Top of DATA RECORDS

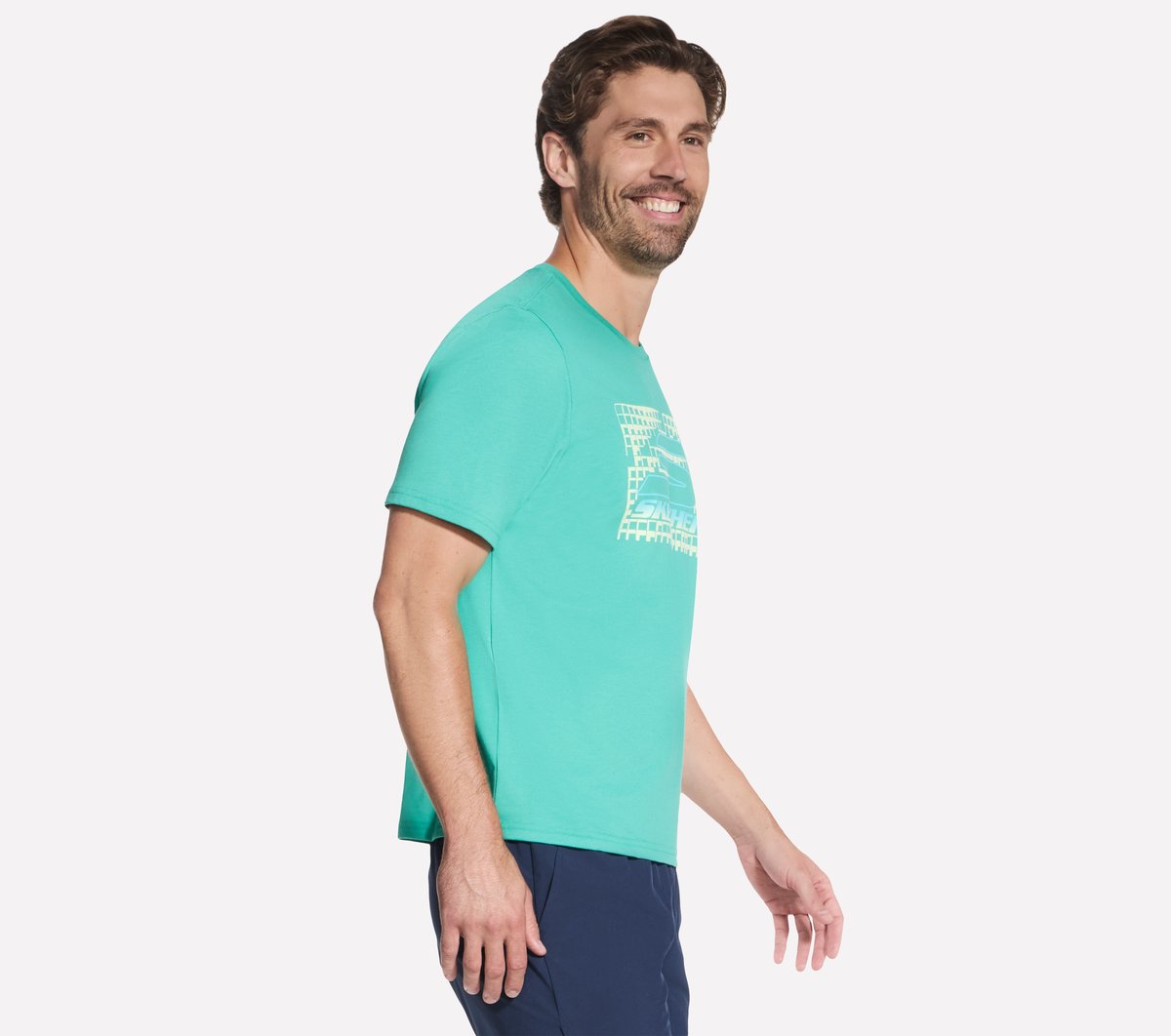 Skechers Men Ace Tee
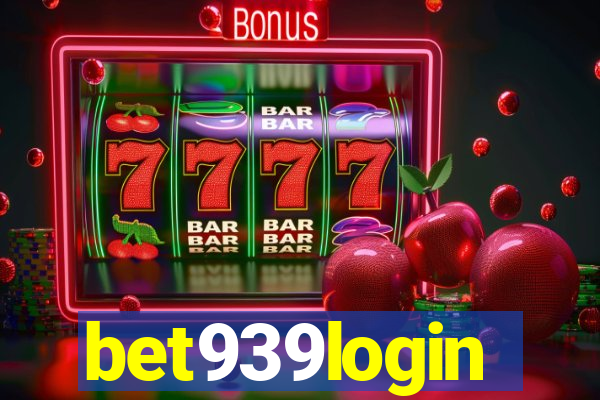 bet939login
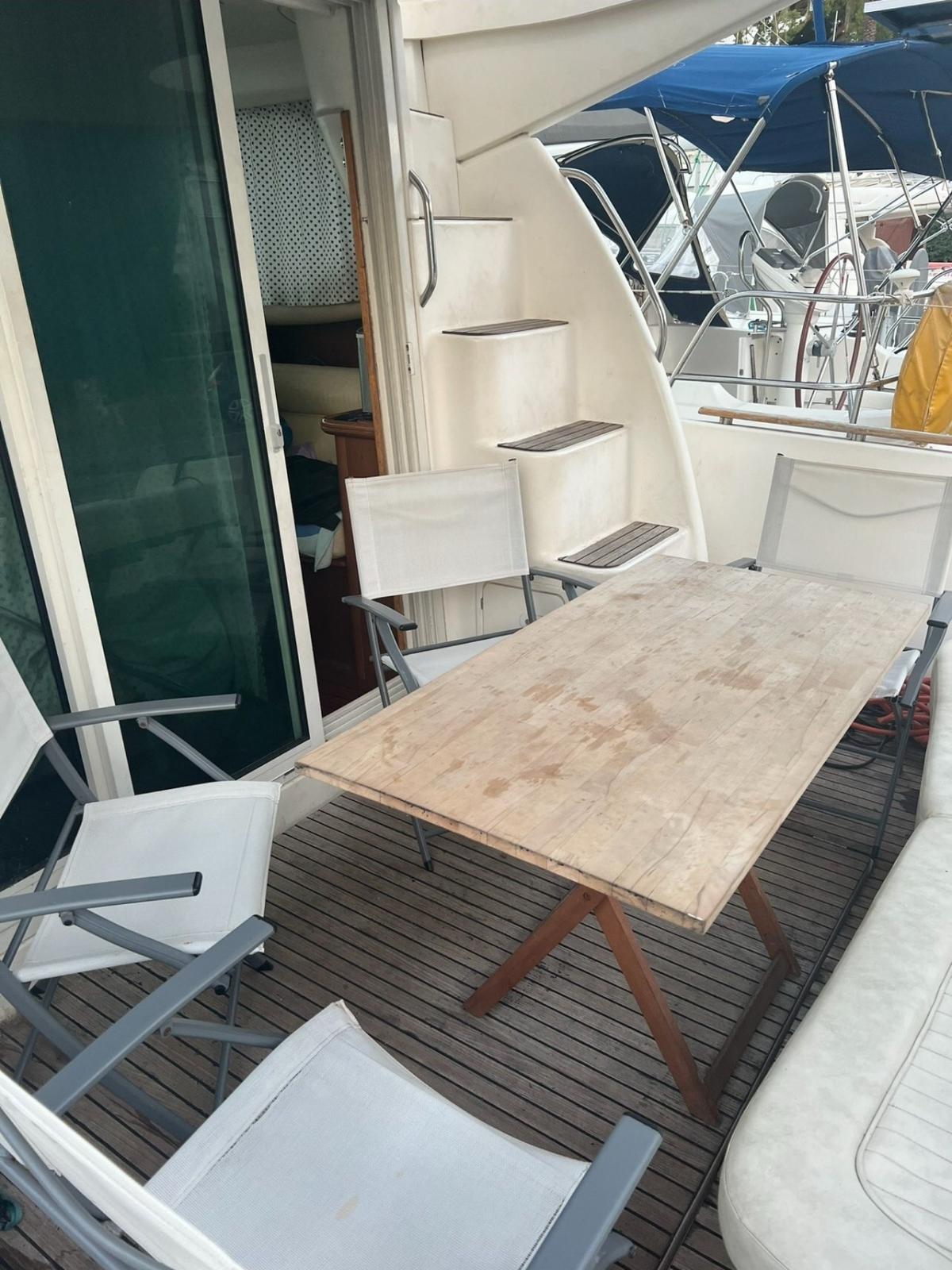 jeanneau Prestige 32 fly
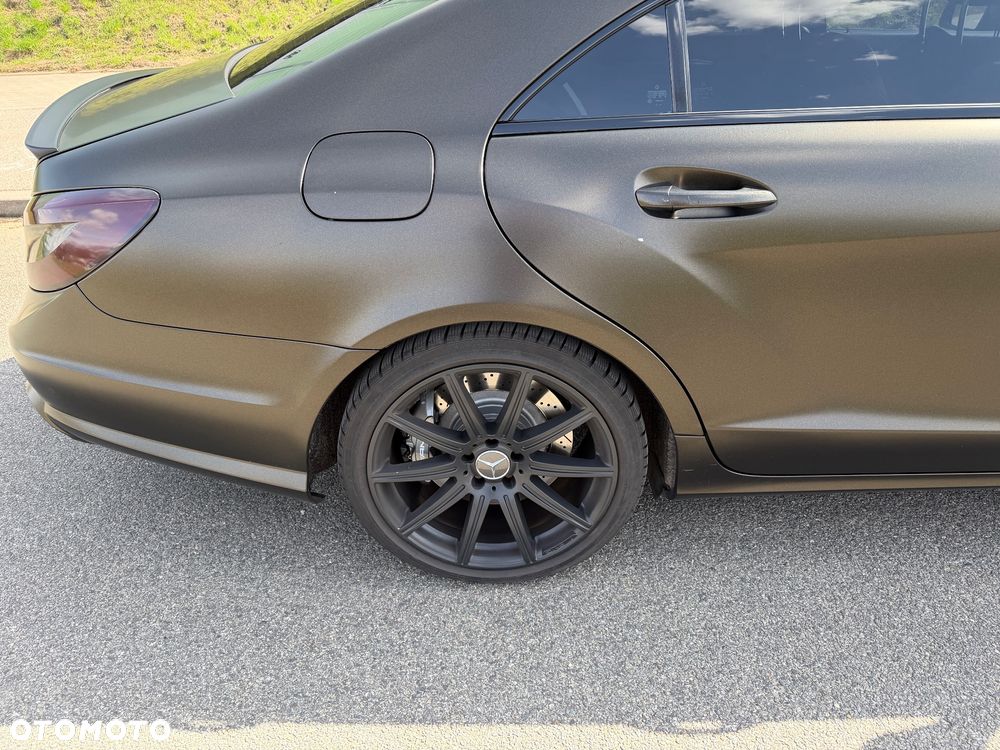Mercedes-Benz CLS - 9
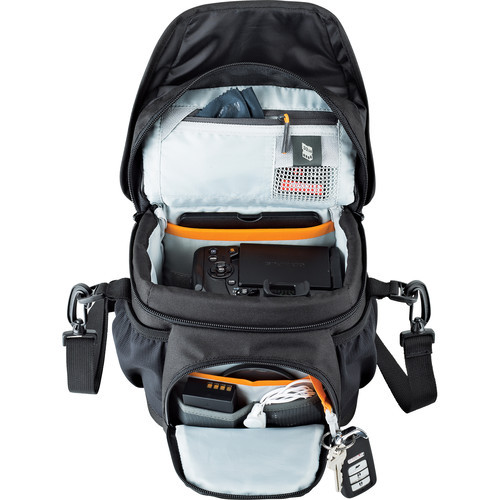 Сумка для фотокамеры Lowepro Nova 140 AW II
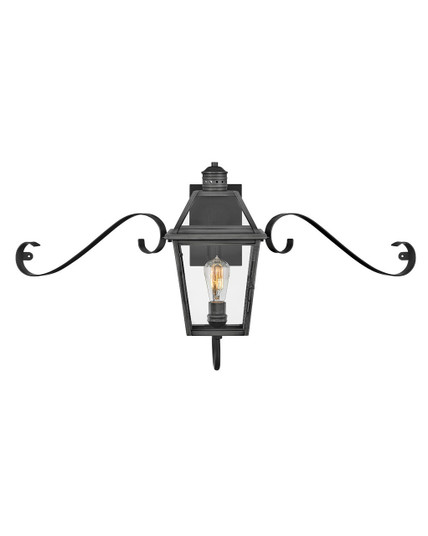Nouvelle LED Wall Mount in Blackened Brass (13|2770BLB-SCR)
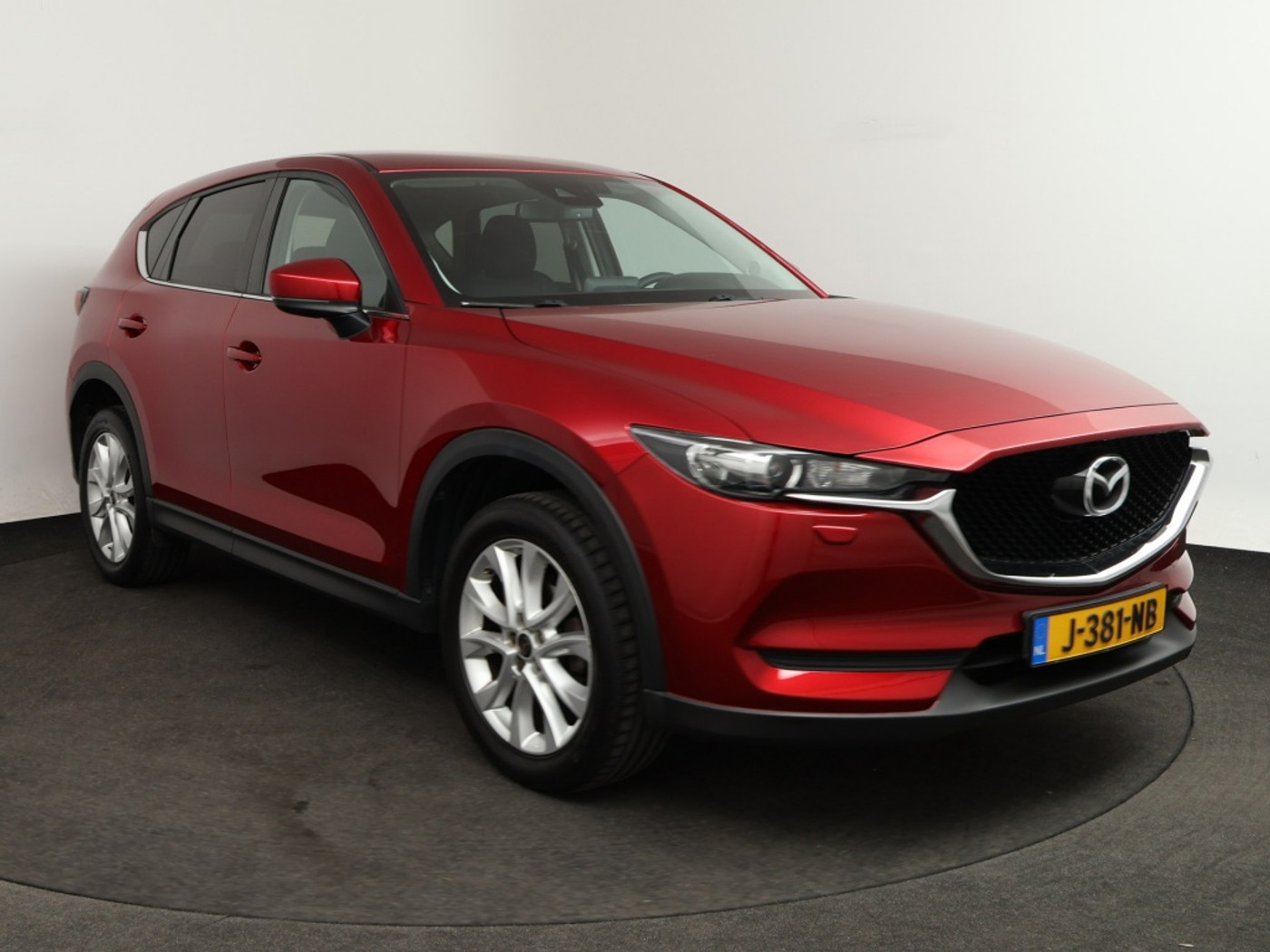 Foto van Mazda Mazda Cx-5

Bottom of DATA RECORDS

■ **EXERCISE REQUIREMENTS**:
Reproduce each entry word for word and cut the images.

■ **TASK SOLUTION**:
 Skechers Men Ace Tee
 bet939login
 jeanneau Prestige 32 fly
Mercedes-Benz CLS - 9
 Сумка для фотокамеры Lowepro Nova 140 AW II
Nouvelle LED Wall Mount in Blackened Brass (13|2770BLB-SCR)
 Foto van Mazda Mazda Cx-5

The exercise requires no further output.